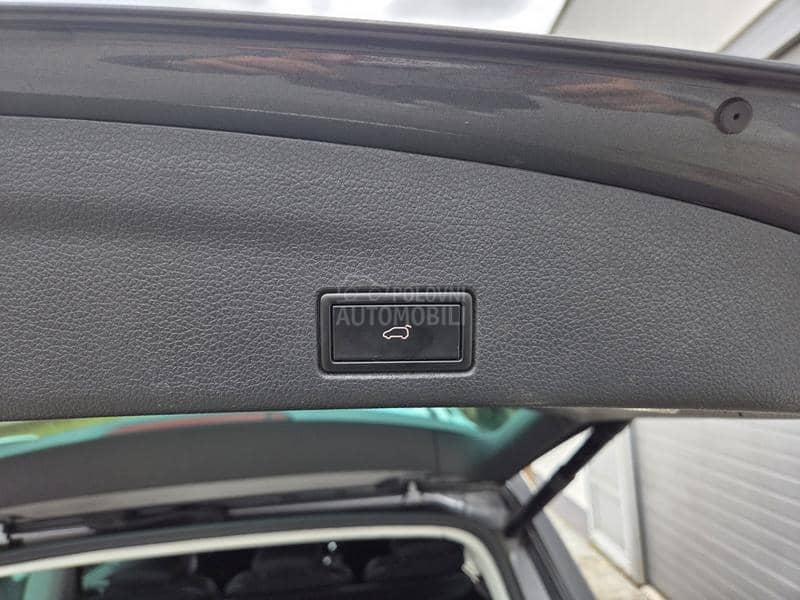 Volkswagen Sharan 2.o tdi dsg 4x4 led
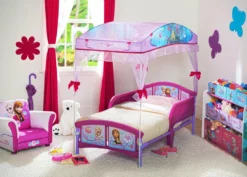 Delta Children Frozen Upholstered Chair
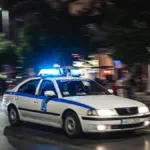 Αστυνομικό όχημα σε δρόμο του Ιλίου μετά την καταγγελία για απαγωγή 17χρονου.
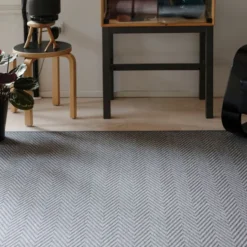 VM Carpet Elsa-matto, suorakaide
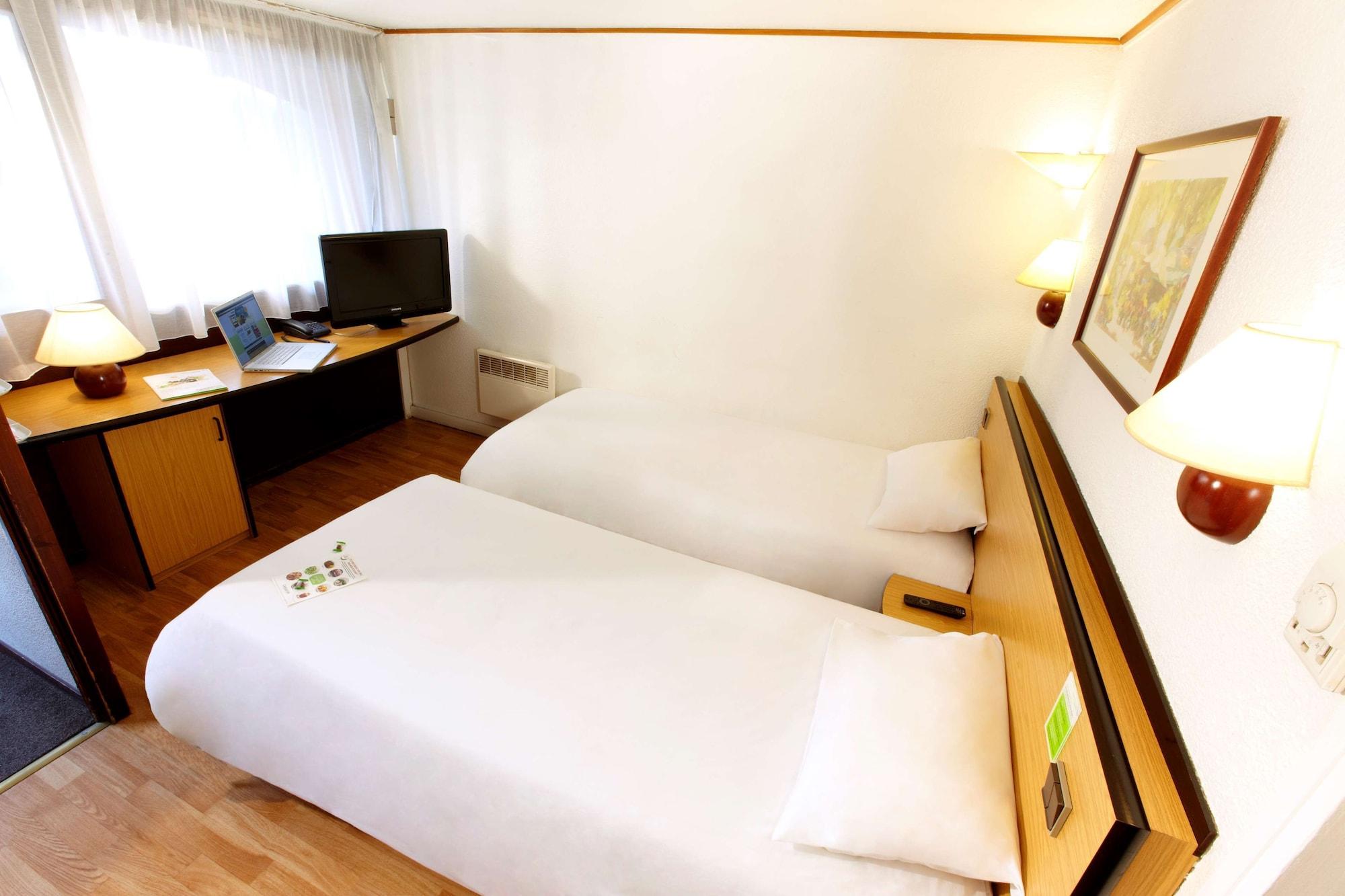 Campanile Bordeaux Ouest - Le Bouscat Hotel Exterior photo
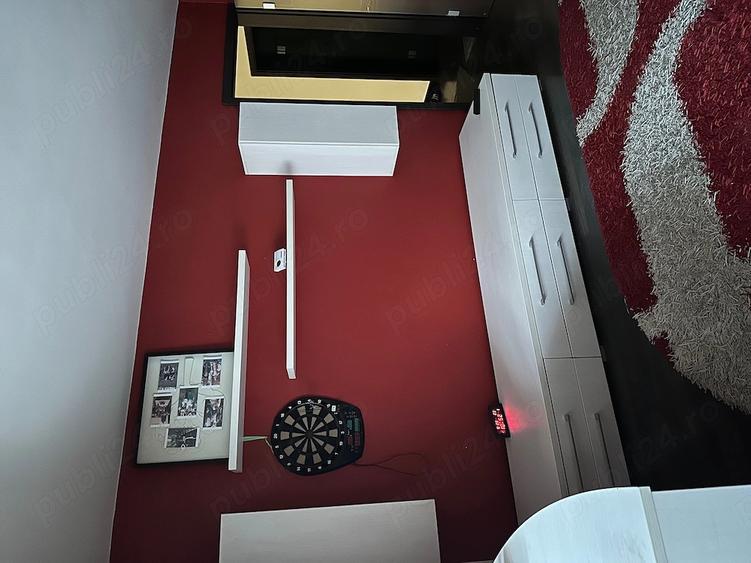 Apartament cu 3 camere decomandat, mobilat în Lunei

» **Problem statement**:
Give back the listing exactly, without a single picture.

» **Solution to this problem**:
 Volkswagen Sharan 2.o tdi dsg 4x4 led
 Delta Children Frozen Upholstered Chair
 Αστυνομικό όχημα σε δρόμο του Ιλίου μετά την καταγγελία για απαγωγή 17χρονου.
 VM Carpet Elsa-matto, suorakaide
 Campanile Bordeaux Ouest - Le Bouscat Hotel Exterior photo
 Apartament cu 3 camere decomandat, mobilat în Lunei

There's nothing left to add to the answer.